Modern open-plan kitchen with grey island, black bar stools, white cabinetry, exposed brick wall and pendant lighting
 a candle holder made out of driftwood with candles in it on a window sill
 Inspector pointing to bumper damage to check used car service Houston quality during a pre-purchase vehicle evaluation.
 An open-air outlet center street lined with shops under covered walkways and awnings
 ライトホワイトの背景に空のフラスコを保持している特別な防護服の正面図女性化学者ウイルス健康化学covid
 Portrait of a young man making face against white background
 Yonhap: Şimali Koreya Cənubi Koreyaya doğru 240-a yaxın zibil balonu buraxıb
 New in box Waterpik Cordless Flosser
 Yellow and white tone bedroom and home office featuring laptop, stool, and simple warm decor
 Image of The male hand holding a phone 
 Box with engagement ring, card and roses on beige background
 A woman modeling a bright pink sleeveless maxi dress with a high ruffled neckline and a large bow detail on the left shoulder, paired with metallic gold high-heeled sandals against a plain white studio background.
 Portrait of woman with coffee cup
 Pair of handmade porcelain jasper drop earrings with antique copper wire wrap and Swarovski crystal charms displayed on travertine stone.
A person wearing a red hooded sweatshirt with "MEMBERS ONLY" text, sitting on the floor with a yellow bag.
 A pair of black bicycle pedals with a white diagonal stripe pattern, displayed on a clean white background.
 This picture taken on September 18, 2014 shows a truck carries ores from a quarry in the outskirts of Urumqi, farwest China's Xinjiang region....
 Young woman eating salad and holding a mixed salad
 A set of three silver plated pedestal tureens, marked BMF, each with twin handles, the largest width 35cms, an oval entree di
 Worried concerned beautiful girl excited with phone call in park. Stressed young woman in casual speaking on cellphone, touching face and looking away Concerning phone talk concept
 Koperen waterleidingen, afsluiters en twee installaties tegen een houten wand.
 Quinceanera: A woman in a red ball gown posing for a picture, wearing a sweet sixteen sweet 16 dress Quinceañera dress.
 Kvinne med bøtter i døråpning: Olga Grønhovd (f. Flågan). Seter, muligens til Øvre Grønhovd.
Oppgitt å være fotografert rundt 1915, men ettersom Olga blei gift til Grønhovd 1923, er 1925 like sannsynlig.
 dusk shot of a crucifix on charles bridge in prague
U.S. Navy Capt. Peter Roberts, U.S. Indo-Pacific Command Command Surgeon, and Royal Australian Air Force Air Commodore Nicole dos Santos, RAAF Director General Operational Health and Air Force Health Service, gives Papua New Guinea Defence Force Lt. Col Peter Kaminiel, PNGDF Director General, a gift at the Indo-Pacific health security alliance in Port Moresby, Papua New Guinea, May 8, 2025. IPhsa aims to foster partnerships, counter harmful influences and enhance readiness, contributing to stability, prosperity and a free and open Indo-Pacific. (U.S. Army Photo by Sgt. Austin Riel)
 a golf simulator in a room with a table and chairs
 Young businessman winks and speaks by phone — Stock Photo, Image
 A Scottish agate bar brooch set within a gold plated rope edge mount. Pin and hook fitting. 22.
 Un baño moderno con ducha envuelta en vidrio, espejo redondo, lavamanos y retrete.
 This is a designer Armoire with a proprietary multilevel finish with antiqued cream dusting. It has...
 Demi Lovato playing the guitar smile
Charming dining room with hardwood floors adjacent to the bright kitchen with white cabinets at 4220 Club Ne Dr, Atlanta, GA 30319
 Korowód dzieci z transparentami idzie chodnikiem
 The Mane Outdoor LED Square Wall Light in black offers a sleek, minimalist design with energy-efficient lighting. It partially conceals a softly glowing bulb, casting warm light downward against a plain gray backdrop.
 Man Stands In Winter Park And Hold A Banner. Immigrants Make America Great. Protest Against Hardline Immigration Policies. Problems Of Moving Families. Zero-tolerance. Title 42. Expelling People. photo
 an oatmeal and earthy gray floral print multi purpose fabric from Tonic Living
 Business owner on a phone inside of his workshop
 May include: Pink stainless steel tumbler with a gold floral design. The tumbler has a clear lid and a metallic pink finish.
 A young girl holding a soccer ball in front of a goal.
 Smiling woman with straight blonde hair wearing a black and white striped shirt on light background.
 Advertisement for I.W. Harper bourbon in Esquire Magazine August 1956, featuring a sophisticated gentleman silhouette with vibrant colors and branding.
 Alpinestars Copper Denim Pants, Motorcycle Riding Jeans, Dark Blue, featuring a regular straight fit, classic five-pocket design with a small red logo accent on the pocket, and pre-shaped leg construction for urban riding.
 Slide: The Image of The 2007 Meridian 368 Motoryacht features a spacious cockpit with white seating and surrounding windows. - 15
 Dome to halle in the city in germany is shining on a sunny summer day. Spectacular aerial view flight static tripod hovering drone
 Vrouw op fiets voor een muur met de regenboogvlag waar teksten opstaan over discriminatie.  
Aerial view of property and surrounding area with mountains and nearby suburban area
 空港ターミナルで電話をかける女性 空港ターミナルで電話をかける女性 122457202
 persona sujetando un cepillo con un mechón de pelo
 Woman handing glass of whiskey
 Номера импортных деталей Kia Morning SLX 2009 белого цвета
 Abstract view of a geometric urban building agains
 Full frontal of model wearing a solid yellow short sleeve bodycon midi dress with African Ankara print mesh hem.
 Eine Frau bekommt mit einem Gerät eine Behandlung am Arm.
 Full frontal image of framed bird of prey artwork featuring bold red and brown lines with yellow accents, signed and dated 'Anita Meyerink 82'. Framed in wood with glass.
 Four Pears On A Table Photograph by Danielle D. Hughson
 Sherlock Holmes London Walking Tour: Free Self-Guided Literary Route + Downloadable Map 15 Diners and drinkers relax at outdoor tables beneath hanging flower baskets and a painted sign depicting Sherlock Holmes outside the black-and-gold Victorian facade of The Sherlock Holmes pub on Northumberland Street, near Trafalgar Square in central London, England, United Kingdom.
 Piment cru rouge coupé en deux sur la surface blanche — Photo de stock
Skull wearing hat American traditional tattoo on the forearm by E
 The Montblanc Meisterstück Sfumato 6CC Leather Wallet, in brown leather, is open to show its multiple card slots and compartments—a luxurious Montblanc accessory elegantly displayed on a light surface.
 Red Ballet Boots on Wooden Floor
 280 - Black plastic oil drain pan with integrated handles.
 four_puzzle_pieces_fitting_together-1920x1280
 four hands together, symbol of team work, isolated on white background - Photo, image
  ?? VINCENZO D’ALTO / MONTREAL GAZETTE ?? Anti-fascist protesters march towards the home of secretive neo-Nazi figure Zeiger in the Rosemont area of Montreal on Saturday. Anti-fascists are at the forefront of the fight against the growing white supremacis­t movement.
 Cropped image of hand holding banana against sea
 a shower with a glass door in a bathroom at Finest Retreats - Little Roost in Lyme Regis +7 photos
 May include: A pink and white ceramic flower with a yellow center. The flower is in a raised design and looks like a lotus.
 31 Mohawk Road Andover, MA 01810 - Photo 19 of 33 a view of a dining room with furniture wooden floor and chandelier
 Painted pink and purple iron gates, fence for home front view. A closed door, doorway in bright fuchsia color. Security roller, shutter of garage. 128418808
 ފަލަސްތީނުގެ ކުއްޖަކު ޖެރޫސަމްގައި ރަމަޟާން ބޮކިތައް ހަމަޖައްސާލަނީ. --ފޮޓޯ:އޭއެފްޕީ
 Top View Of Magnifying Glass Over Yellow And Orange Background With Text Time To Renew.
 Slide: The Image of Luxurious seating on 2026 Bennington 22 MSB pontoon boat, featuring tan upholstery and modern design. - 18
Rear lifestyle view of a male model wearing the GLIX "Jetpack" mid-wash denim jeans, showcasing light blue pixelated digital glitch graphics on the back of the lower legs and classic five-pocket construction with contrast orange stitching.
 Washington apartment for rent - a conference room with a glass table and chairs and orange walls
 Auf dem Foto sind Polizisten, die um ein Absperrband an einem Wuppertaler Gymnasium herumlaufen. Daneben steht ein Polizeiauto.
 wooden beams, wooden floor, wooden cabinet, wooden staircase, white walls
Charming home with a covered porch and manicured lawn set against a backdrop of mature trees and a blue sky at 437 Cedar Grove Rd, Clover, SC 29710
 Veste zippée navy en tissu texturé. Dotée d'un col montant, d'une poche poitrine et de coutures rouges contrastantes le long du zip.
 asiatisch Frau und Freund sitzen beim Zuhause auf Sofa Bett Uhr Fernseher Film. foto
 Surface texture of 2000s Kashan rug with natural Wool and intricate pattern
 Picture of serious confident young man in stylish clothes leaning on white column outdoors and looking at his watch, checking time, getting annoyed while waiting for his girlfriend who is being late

▶ [TASK BRIEF]
Scan the entries above for the word "einem" and collect each line holding it.

▶ [SOLUTION]
 Eine Frau bekommt mit einem Gerät eine Behandlung am Arm.
 Auf dem Foto sind Polizisten, die um ein Absperrband an einem Wuppertaler Gymnasium herumlaufen. Daneben steht ein Polizeiauto.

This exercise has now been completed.